Valentine’s Day Movies to Share With Someone You Love

Posted on February 14, 2013 at 8:00 am

Some of my favorite movie romances are just right for Valentine’s Day.  Cuddle up with your valentine and a bowl of popcorn and enjoy these movies about how love makes us crazy and immeasurably happy at the same time.

1. Moonstruck Cher won an Oscar as the bookkeeper who has given up on love until she meets the brother of her fiance, who tells her:

Love don’t make things nice – it ruins everything. It breaks your heart. It makes things a mess. We aren’t here to make things perfect. The snowflakes are perfect. The stars are perfect. Not us. Not us! We are here to ruin ourselves and to break our hearts and love the wrong people and *die*.

2. Eternal Sunshine Of The Spotless Mind Jim Carrey and Kate Winslet find that they really don’t want to forget each other, no matter how painful love can be.

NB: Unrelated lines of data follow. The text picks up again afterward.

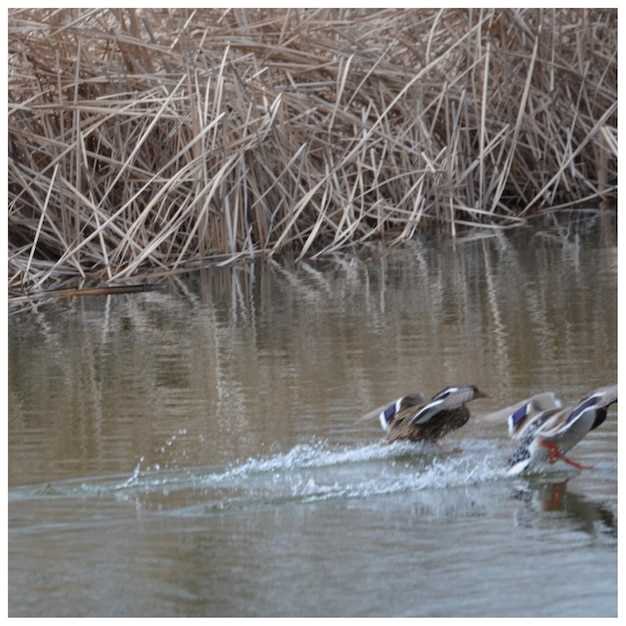 Виды рыбы в каналах Челябинской области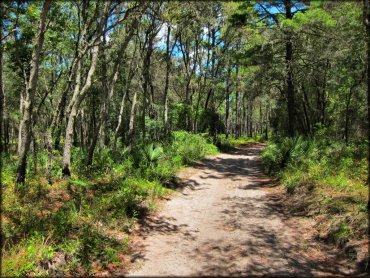 Wandering Wiregrass OHV Trail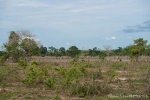 Pantanal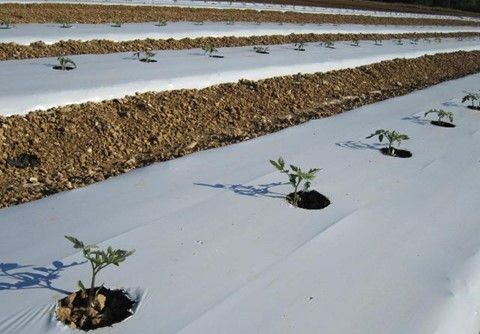 Tomato seedlings after transplantation.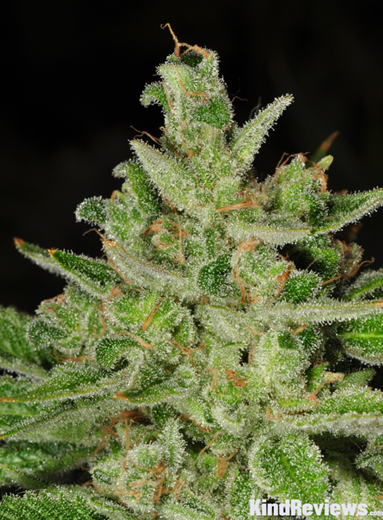 An image of Ghost Train Haze #9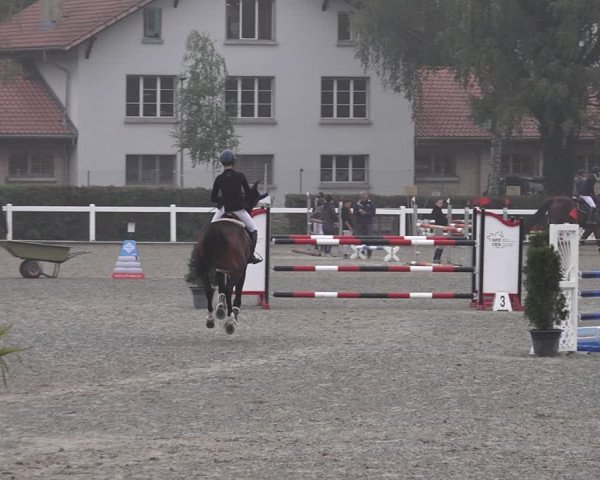 Reitturnier Bern 2020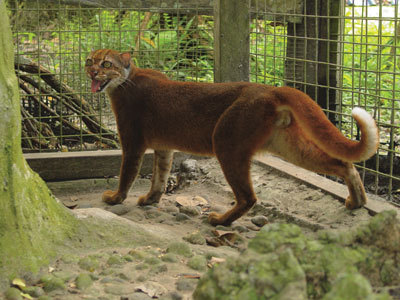 Bornean Bay Cat (Pardofelis badia)
The Borneo bay cat is the most elusive and rarest cat in the world. It is so rare that the first photograph of a live Borneo bay cat was not taken until 1998. It was first discovered in 1855 when a dead cat was discovered. In 1992 the first Borneo bay cat was captured, but unfortunately, this cat did not live long.
This reddish brown cat lives exclusively on the Island of Borneo and has a long tail and small rounded ears. It is about the size of a domestic cat. Because so few cats have been seen, it is likely that the Island of Borneo&#8217;s development is threatening the cat.
(via: Cat Channel)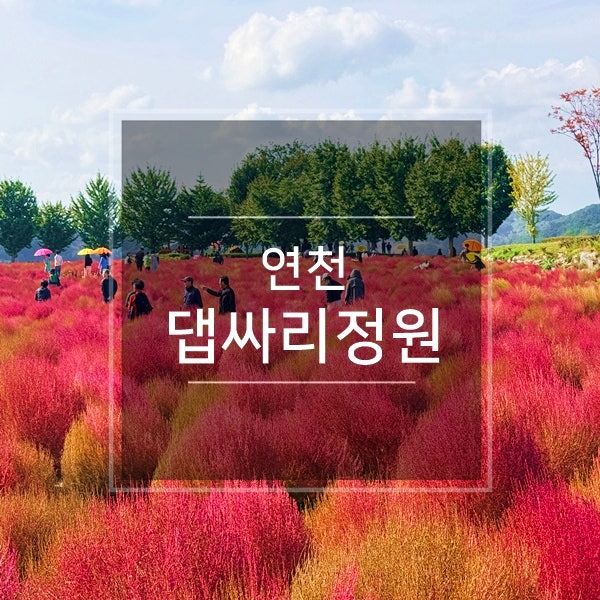 사진 10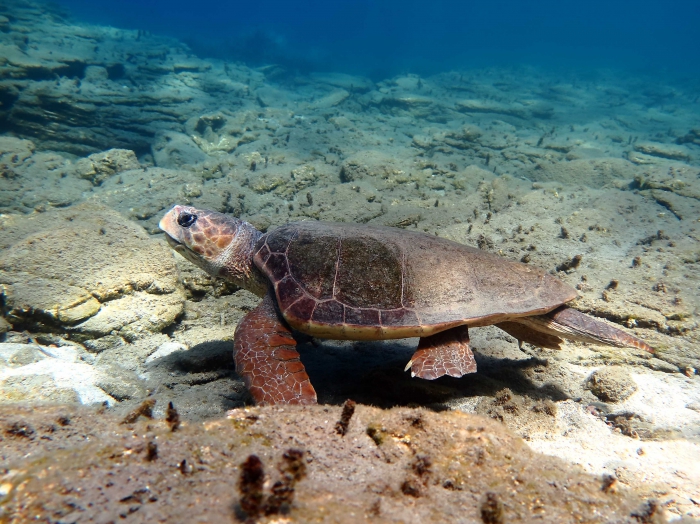 Caretta caretta (male) Caretta caretta (male)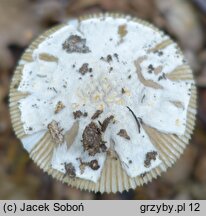 Amanita dryophila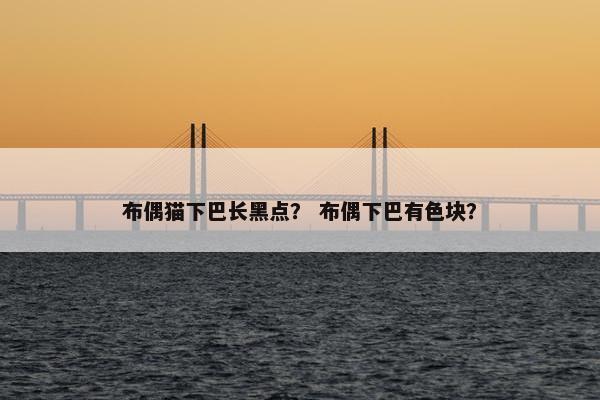 布偶猫下巴长黑点？ 布偶下巴有色块？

3. You’ve Got Mail This third version of the story of a couple who are at war in person, not realizing that they are tender lovers through the mail, updates the story to the computer age. Tom Hanks and Meg Ryan have so much chemistry on screen that we know from the first moment what it will take them the whole movie to discover — they are meant to be together.  Be sure to watch the earlier versions, The Shop Around the Corner with James Stewart and Margaret Sullivan and the musical In the Good Old Summertime with Judy Garland and Van Johnson.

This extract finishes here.